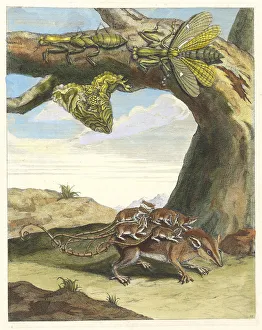 Plant Science Prints: Rat de forest. From the Book Metamorphosis insectorum Surinamensium, 1705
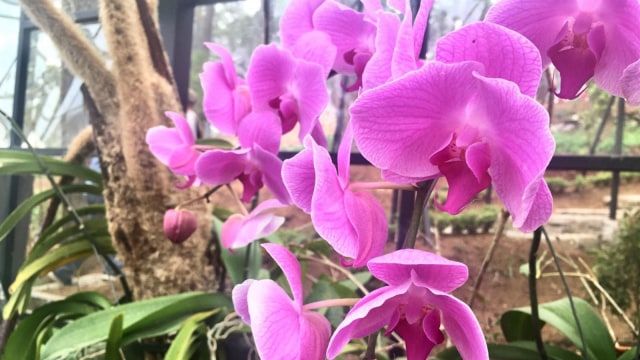 Bunga di Orchid Forest, Cikole. (Foto: Adisty Putri Utami/kumparan)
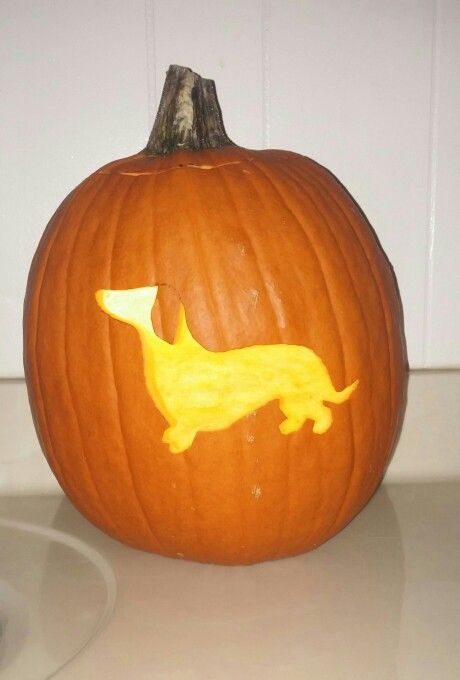 My Dachshund pumpkin Dachshund Pumpkin, Pumkin Ideas, Disney Pumpkin Painting, Dear Abby, Dachshund Halloween, Dachshund Stuff, Carving Templates, Disney Pumpkin Carving, Happy Halloweenie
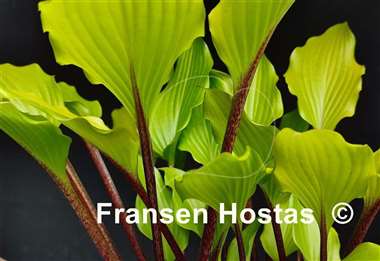 Hosta Holar Garnet Crow
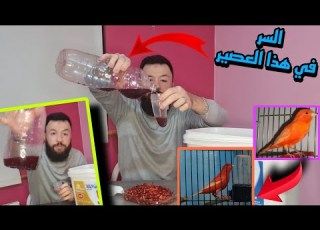  كيف تحصل ع لون احمر قاتم صبغة طبيعية بمكونين فقط البديل عن الصبغات الكيماوية وفر نقودك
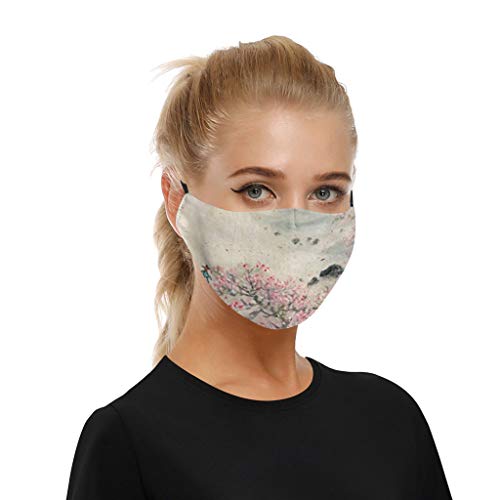 Preisvergleich Produktbild Lulupi Mundschutz 3D Multifunktionstuch Bandana Maske Halstuch,Waschbar Atmungsaktiv Mund-Nasenschutz Winddicht Staubdicht Baumwolle Stoffmaske Motorrad Face Shield für Herren Damen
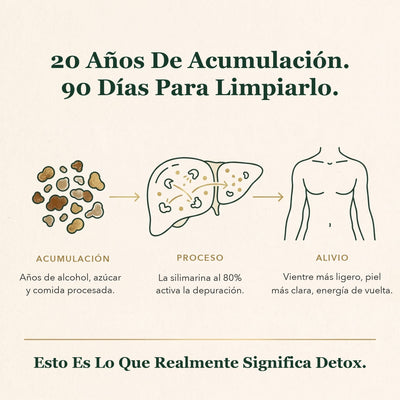 Enerra Cardo Mariano Detox Hepático — Fórmula con 80% de Silimarina 742832615094 MC-1 Cardo Mariano Detox Hepático — Fórmula con 80% de Silimarina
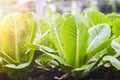 Organic Green Cos Salad planted on the plot in the midst of bright nature and free from toxic residues Royalty Free Stock Photo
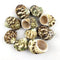 10PC Natural Green Hermit Crab Shells, Turbo Sea Shell for Hermit Crab Supplies Decor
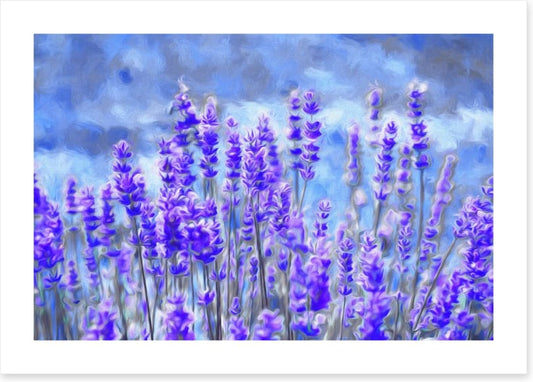 Lavender for luck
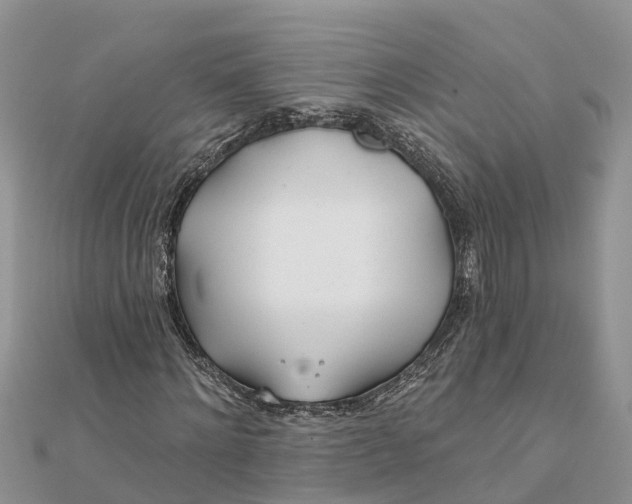 X0000112180868200908281359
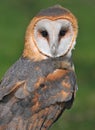 Common Barn Owl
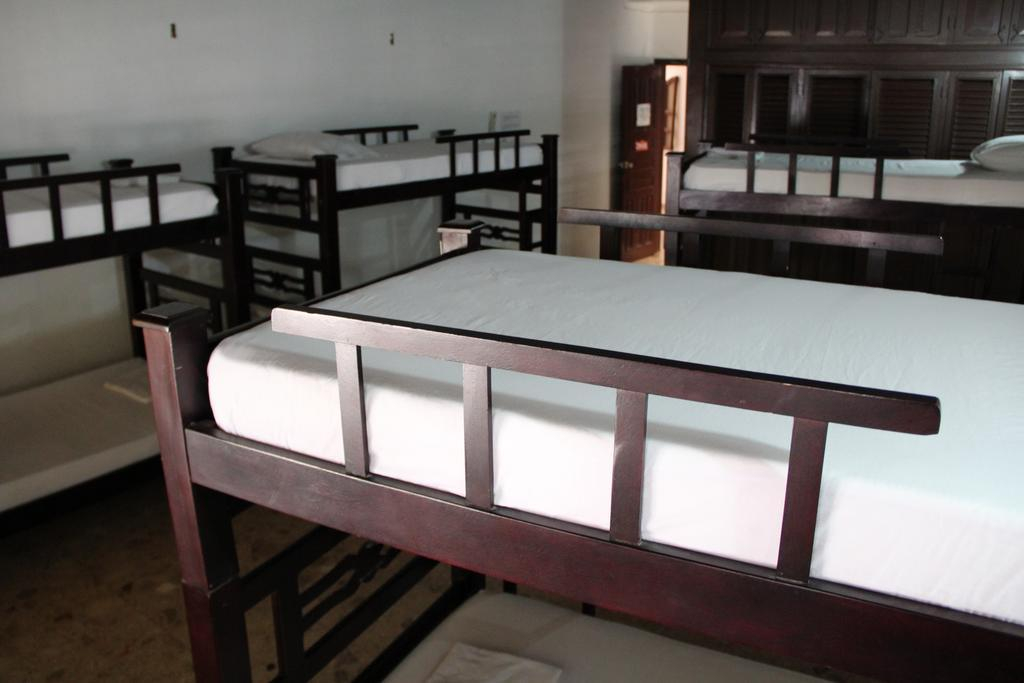 Drop Bear Hostel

**What to do**
Write out the whole listing exactly, and drop the pictures.

**Answer box**
 Plant Science Prints: Rat de forest. From the Book Metamorphosis insectorum Surinamensium, 1705
 Bunga di Orchid Forest, Cikole. (Foto: Adisty Putri Utami/kumparan)
 My Dachshund pumpkin Dachshund Pumpkin, Pumkin Ideas, Disney Pumpkin Painting, Dear Abby, Dachshund Halloween, Dachshund Stuff, Carving Templates, Disney Pumpkin Carving, Happy Halloweenie
 Hosta Holar Garnet Crow
  كيف تحصل ع لون احمر قاتم صبغة طبيعية بمكونين فقط البديل عن الصبغات الكيماوية وفر نقودك
 Preisvergleich Produktbild Lulupi Mundschutz 3D Multifunktionstuch Bandana Maske Halstuch,Waschbar Atmungsaktiv Mund-Nasenschutz Winddicht Staubdicht Baumwolle Stoffmaske Motorrad Face Shield für Herren Damen
 Enerra Cardo Mariano Detox Hepático — Fórmula con 80% de Silimarina 742832615094 MC-1 Cardo Mariano Detox Hepático — Fórmula con 80% de Silimarina
 Organic Green Cos Salad planted on the plot in the midst of bright nature and free from toxic residues Royalty Free Stock Photo
 10PC Natural Green Hermit Crab Shells, Turbo Sea Shell for Hermit Crab Supplies Decor
 Lavender for luck
 X0000112180868200908281359
 Common Barn Owl
 Drop Bear Hostel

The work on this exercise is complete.